Posts by chewitt

    RPi3B+ using LE 9.2.8 will be the "best and final" recommendation. LE 10.x and newer switch to an all-new GBM/V4L2 video pipeline where 3D support simply hasn't ever quite made the priority list for development, and while the initial RPi4 hardware is supported by the initial LE 9.2.8 release, newer iterations of RPi4 hardware need firmware that only exists in newer/current LE releases. It's possible to self-build a doctored 9.2.8 image with newer firmware etc. there's no HOWTO guide for that (although not too hard if you have a tinkering mindset). Considering the limited amount of new 3D content these days and depending on what other media you need to handle; i'd keep a spare 3B+ lying around for 3D duties when you need to play something, while using an RPi4 (or something else that meets needs) as the main player board.

    I have tried your image (LibreELEC-AMLMX.arm-10.88.0-box.img)

    You've done more than me then 8o

    Martin seems to be MIA at the moment so the best I can suggest is self-building using my AMLMX branch but with the Linux package update to use his latest kernel source (Linux 6.3 IIRC) to see if anything changed.

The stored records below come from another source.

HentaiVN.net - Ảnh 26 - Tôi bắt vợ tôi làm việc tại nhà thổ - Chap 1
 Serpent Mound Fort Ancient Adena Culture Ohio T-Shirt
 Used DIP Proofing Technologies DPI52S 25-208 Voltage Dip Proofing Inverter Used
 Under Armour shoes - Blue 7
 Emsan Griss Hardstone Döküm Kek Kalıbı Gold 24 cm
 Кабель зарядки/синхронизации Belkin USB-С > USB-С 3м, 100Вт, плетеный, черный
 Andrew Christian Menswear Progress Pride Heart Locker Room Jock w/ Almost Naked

    If you navigate to the build folder and do "make menuconfig" it should detect the local .config file which you can then diff/copy to update the one in the project/device linux folder. I normally just mod the defconfig directly and respin the image. Once in a while settings don't stick and I need to do a little digging in kernel Kconfig to understand dependencies, but over time (with gained experience) that occurs less :)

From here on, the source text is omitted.